__Work instruction__. Exact copies of the lines from the line containing "p/n: 0029302, Type: EC7666.21" through the last line of the entries below are the whole answer.

__Data to use__.
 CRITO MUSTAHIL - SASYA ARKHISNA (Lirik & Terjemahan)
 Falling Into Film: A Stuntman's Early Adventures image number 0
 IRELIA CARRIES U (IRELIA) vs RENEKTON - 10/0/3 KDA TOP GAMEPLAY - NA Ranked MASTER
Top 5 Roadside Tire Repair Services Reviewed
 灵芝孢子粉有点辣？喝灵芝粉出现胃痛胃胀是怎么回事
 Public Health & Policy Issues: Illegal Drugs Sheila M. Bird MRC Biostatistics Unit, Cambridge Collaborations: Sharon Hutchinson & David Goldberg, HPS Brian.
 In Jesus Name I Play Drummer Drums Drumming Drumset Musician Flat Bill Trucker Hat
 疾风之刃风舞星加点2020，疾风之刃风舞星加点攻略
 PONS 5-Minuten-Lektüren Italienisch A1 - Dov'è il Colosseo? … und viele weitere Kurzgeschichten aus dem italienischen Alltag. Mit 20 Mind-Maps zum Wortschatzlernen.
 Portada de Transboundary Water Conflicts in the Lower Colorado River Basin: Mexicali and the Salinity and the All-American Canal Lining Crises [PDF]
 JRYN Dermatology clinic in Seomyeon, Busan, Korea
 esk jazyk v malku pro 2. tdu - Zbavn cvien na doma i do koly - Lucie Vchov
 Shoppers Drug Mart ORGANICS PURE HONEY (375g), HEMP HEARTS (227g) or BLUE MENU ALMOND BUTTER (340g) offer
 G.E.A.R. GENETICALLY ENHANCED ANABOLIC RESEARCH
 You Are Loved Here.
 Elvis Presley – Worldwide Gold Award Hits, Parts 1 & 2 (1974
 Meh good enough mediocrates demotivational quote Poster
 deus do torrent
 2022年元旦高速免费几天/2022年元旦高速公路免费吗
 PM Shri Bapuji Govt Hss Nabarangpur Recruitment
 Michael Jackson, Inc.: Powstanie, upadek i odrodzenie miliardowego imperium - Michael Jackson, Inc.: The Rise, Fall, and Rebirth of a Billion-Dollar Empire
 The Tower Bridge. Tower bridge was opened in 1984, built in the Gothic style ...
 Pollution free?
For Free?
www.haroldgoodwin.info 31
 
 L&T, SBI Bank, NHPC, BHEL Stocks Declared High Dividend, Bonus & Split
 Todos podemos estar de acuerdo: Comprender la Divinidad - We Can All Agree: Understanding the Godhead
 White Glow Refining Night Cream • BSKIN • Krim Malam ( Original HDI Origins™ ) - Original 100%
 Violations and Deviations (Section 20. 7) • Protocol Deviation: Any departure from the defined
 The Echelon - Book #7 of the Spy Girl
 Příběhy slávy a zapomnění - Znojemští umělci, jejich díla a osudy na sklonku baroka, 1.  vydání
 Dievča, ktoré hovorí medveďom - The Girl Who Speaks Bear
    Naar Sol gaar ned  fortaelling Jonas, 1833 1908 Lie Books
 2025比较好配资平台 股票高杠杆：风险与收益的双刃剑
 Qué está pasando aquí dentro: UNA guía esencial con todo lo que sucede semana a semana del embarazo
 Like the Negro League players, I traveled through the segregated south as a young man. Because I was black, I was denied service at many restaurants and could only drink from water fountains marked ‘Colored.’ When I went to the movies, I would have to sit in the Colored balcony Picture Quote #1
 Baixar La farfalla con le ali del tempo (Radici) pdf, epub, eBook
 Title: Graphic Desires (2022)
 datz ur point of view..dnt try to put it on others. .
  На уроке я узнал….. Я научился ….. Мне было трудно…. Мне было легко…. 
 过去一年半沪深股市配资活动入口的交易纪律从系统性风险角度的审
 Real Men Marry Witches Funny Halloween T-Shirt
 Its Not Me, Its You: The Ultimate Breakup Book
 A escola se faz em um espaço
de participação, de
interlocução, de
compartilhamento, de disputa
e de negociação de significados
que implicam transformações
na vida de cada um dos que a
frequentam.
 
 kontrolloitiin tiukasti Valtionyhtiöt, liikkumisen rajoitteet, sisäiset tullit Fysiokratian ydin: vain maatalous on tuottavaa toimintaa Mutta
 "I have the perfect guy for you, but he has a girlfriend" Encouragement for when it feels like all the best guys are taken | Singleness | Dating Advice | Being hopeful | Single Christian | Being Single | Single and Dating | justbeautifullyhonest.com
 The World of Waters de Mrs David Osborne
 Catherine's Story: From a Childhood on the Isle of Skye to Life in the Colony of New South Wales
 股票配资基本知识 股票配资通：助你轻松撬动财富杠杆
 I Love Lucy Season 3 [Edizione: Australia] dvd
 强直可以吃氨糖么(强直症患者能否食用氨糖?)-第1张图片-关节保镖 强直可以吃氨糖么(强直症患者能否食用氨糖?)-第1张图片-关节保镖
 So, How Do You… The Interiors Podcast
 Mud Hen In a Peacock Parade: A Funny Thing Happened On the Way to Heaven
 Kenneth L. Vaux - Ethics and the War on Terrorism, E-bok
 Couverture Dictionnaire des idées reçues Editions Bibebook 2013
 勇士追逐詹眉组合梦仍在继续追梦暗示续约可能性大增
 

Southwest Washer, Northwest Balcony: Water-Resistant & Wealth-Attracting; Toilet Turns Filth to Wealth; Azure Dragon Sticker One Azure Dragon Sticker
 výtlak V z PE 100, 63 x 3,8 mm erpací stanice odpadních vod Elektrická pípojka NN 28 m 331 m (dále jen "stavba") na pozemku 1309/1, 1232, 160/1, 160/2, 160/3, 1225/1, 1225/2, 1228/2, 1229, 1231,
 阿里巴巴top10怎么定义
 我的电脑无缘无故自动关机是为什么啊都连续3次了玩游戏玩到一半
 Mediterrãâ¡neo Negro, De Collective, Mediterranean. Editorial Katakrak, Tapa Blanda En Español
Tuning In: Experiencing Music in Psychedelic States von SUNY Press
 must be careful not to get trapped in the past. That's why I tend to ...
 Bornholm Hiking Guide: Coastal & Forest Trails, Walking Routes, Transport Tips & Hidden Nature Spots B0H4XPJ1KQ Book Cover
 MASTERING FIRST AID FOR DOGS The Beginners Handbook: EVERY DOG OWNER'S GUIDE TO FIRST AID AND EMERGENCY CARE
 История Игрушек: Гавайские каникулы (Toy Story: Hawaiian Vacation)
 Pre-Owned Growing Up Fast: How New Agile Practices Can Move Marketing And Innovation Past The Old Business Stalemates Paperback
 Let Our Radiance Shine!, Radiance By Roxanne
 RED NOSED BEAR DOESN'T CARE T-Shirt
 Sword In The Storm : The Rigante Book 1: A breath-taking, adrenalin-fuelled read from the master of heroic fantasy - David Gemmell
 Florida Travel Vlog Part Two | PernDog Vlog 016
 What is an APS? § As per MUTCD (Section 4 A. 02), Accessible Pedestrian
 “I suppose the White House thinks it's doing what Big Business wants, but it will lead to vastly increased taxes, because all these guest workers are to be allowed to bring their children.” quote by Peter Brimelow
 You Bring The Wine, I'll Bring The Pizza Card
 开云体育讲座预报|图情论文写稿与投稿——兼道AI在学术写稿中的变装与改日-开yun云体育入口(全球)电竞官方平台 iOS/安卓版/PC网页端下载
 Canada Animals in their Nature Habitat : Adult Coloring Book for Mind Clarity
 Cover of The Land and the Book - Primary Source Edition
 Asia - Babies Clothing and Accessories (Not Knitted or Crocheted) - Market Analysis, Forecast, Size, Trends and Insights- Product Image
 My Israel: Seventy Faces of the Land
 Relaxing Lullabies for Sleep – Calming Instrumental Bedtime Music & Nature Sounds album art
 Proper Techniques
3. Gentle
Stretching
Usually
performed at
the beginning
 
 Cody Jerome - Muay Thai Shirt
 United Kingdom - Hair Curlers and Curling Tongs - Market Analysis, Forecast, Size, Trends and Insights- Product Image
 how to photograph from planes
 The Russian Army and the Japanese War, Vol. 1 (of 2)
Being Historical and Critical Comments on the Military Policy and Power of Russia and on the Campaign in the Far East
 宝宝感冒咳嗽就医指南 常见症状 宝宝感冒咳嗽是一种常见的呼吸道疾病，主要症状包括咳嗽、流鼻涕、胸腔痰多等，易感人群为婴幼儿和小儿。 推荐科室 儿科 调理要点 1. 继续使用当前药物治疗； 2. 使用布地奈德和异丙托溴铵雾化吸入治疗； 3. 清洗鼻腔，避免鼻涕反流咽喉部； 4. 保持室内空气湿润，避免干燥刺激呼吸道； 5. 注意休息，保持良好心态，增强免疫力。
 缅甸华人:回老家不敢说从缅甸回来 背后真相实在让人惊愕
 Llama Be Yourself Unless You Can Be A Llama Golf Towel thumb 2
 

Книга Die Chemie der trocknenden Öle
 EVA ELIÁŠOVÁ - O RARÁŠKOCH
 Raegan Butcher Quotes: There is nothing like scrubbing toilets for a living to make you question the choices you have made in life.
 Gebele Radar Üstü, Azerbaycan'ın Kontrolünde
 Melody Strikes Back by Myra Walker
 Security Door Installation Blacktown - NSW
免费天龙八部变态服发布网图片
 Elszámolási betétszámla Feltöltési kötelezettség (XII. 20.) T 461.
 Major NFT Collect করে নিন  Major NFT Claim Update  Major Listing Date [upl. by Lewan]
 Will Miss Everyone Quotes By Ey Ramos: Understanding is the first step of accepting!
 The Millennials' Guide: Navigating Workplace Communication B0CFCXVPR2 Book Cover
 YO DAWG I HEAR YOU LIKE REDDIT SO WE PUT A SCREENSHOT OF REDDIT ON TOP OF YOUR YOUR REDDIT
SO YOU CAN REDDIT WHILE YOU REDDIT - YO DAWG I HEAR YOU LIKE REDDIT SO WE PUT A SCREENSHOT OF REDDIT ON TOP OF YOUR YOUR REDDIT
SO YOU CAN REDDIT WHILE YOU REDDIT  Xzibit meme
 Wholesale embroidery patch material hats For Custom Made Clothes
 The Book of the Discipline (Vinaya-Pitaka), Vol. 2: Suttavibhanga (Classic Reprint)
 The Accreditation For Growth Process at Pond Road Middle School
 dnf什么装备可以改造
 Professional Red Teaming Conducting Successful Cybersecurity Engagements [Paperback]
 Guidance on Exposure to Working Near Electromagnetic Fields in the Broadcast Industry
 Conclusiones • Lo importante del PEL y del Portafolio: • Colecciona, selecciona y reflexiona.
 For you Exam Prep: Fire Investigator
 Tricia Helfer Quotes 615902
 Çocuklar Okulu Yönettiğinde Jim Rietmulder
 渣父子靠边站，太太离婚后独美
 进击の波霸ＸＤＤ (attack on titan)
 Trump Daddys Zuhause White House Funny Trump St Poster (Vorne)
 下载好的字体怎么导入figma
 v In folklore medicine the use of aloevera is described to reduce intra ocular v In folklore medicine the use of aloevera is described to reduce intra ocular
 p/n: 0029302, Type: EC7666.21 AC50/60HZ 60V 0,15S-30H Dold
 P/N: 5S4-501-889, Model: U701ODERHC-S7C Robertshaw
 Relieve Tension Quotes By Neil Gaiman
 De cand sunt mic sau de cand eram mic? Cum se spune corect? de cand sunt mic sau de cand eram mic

__Final answer__.
 p/n: 0029302, Type: EC7666.21 AC50/60HZ 60V 0,15S-30H Dold
 P/N: 5S4-501-889, Model: U701ODERHC-S7C Robertshaw
 Relieve Tension Quotes By Neil Gaiman
 De cand sunt mic sau de cand eram mic? Cum se spune corect? de cand sunt mic sau de cand eram mic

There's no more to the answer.